If you’re going to college this fall, instead of taking out a student loan to help pay tuition, how about getting some money up front from your school? But there's a catch: Your school will take a percentage of your income for a set amount of time after you graduate.
That's the idea behind income-share agreements, and Norwich University will try out the concept with some students starting this fall.
VPR's Henry Epp spoke with Lauren Wobby, Norwich University's chief financial officer and treasurer. Listen to their full conversation above.
Unlike traditional debt payments, which stay the same regardless of a debtor's income, the amount students will have taken from their salary after graduation will change with their income.
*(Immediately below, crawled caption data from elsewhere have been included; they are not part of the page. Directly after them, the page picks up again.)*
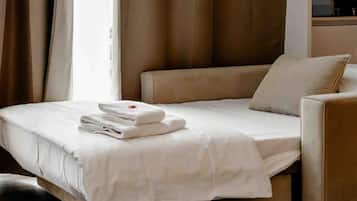 Habitación de hotel con cama, una silla, una mesita y una ventana con cortinas.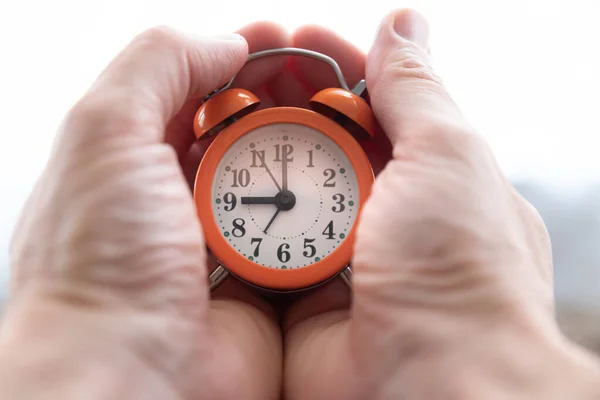 ヤシの中に小さなオレンジ色の目覚まし時計を持って白人男性の手 時間の概念 — ストック写真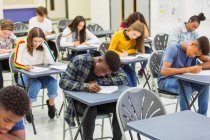 Étudiants du secondaire ciblés qui passent des examens dans des bureaux en classe — Photo de stock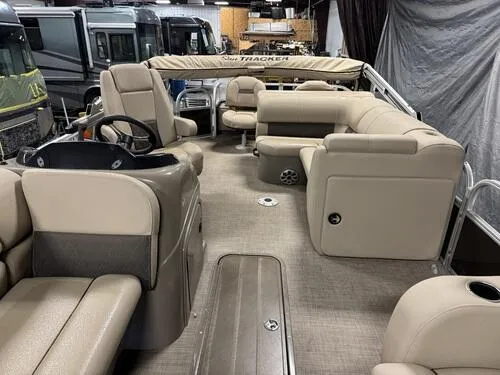 Slide: The Image of 2023 Sun Tracker SportFish 22 XP3 pontoon boat interior with beige seating and steering console. - 6
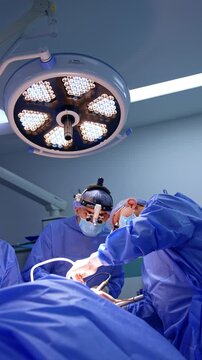 Switched on round lamp on the ceiling of the modern surgical room. Surgeons in surgical loupes perform operation under the bright illumination equipment. Low angle view. Vertical video.
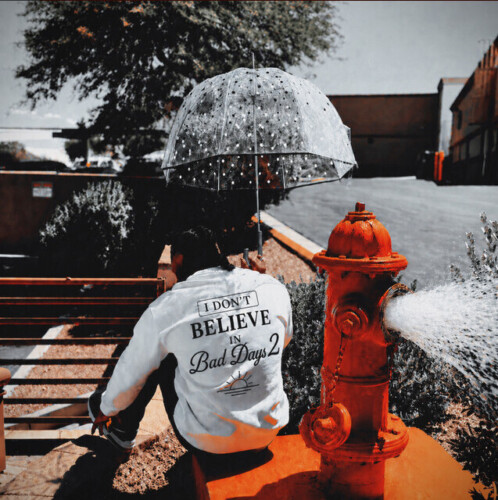 J French album artwork showing a seated figure in a white jacket beneath a clear umbrella beside a red fire hydrant.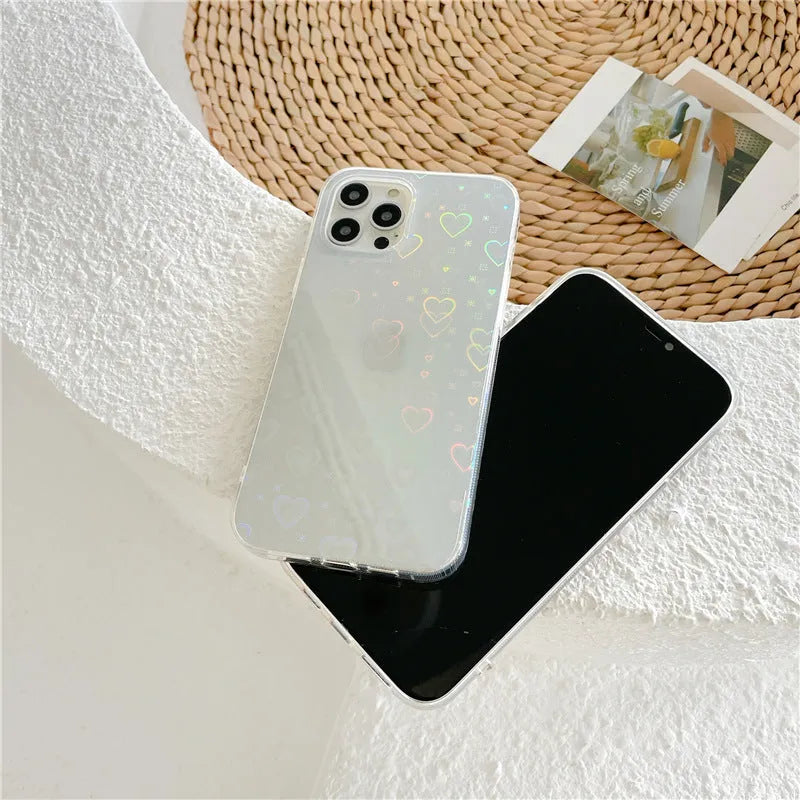 Transparent silicone iPhone case with a laser-etched love pattern, shown fitted on a phone.
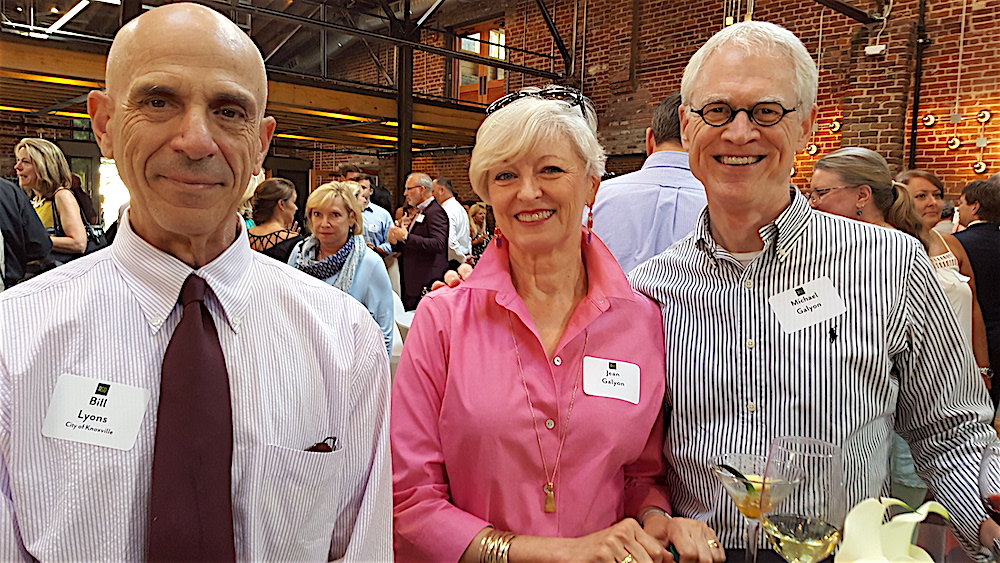 Bill Lyons, left, with Jean and Michael Galyon discussing downtown living. Lyons lives downtown already and the Galyons, who live in Sequoyah Hills, are toying with the idea.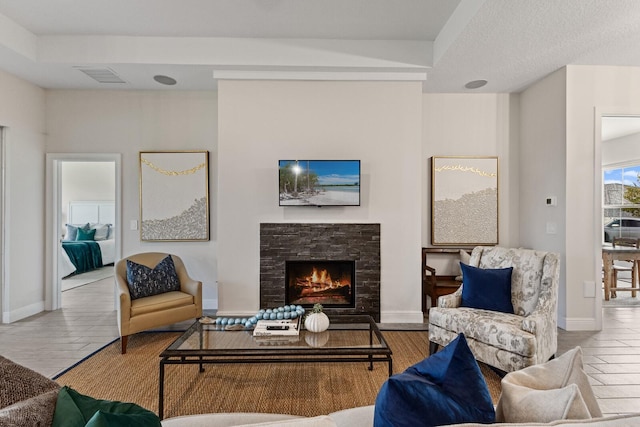 living room with a stone fireplace and hardwood / wood-style flooring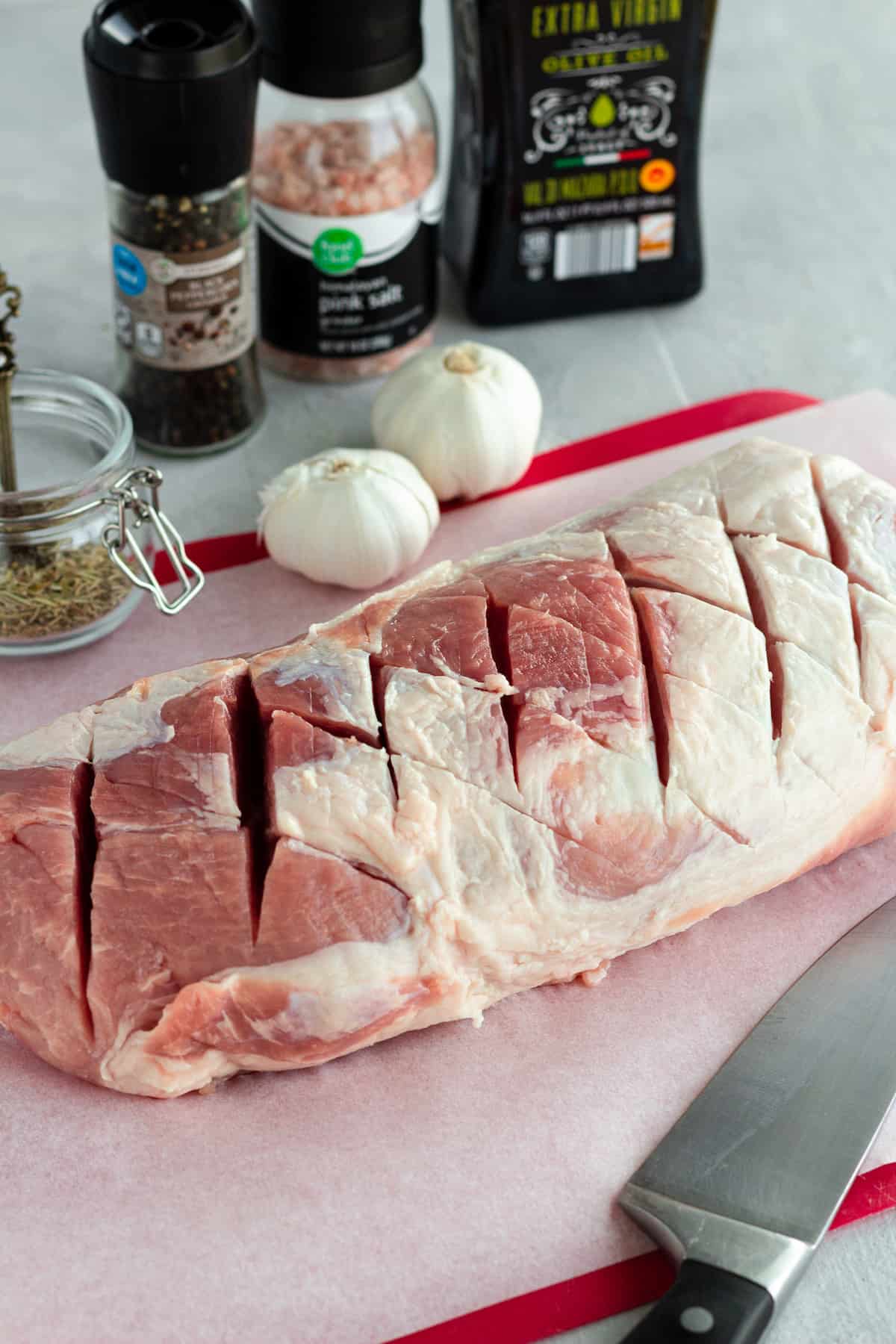 This easy pork loin roast is juicy, tender, and seasoned with garlic and herbs. Roasted with potatoes, carrots, and celery, it’s a complete one-pan dinner. The Criss-Cross Slicing Method Exhibited on a Roast Over a Red Cutting Board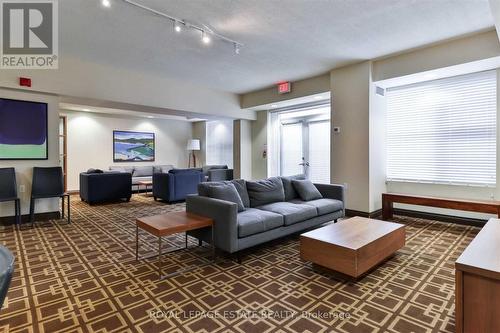 114 - 77 Mcmurrich Street, Toronto, ON - Indoor Photo Showing Living Room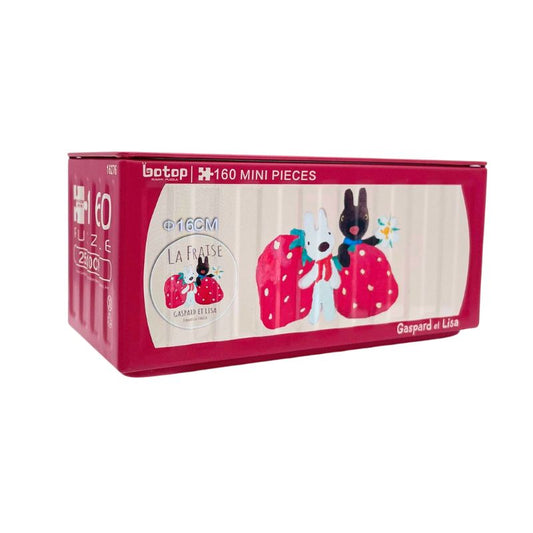 Red Botop puzzle tin featuring Gaspard and Lisa holding giant strawberries with “La Fraise” theme.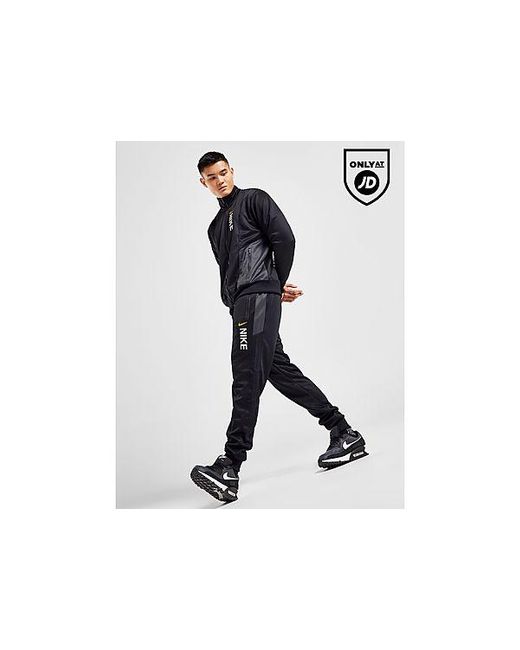 Hybrid Poly Knit Track Pants Nike pour homme en coloris Noir | Lyst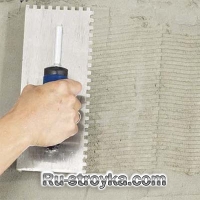 Как декорировать камин при помощи искусственного камня.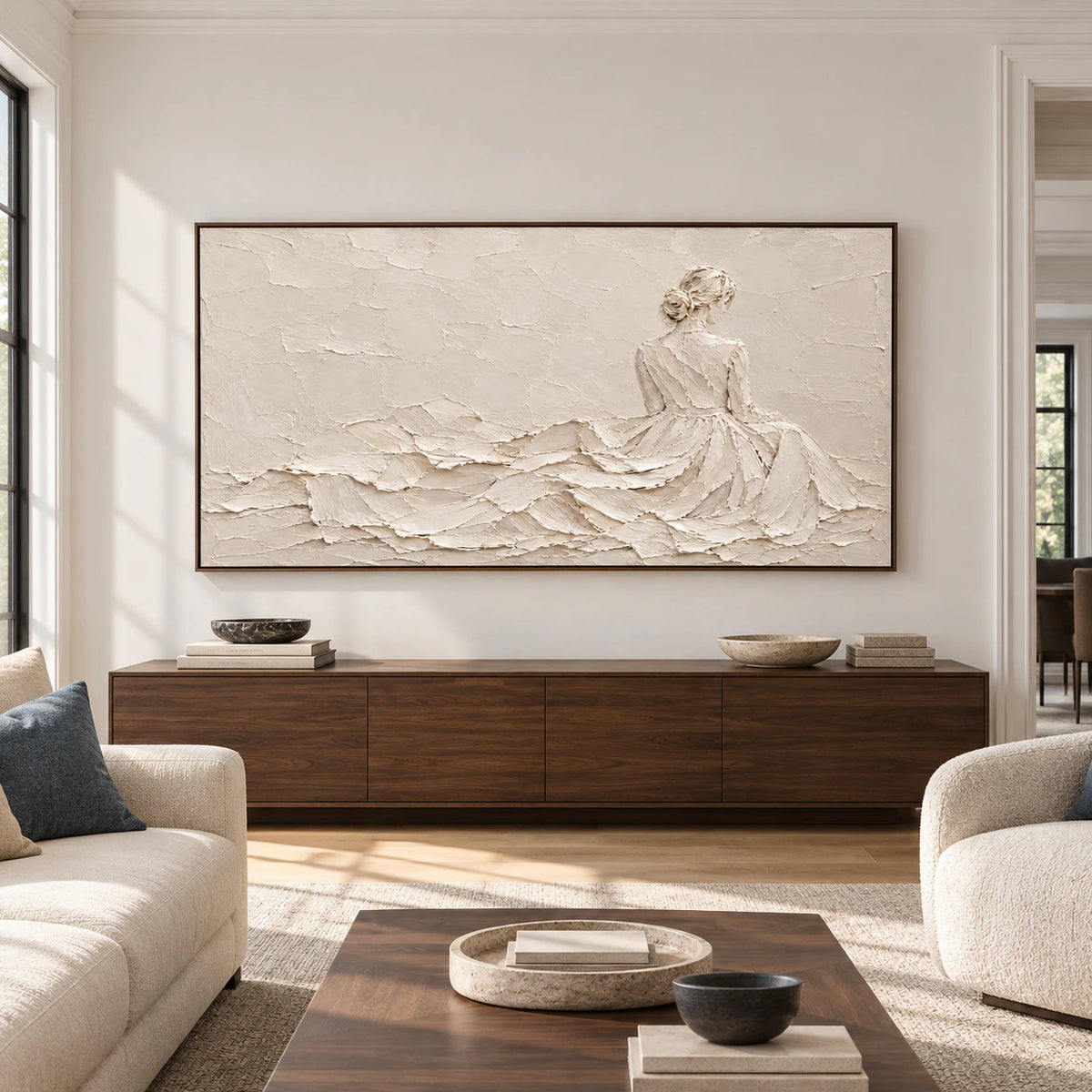 Straight-on view of Ivory-Reverie above a low, dark wood console in a bright, spacious living room with natural daylight.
"So, if there's a rough patch in their employment and their income level has dropped, so will the percentage of their sharing," said Lauren Wobby, Norwich University's chief financial officer and treasurer.
Wobby said students could end up paying more than they were initially given by the university if they earn a higher salary. However, she said Norwich's programs will cap the amount students can pay.
Wobby explained that Norwich will offer two income-share agreement programs starting this fall: For one program, students will only pay back the amount they were given; the second will cap student payments at two times their tuition reduction.
Norwich is working with Vemo — a private, for-profit company — to start the income-share agreement programs. However, the school is using its own money for the agreements.
"There is a risk, and we've certainly considered it," Wobby said, "but the far greater risk to us is a student start at Norwich and not complete. That's the risk that we want to avoid. And this program, we believe, will help overcome that."
Wobby said Norwich hopes the program is successful, but said there's nothing stopping the school from ending it if it doesn't work.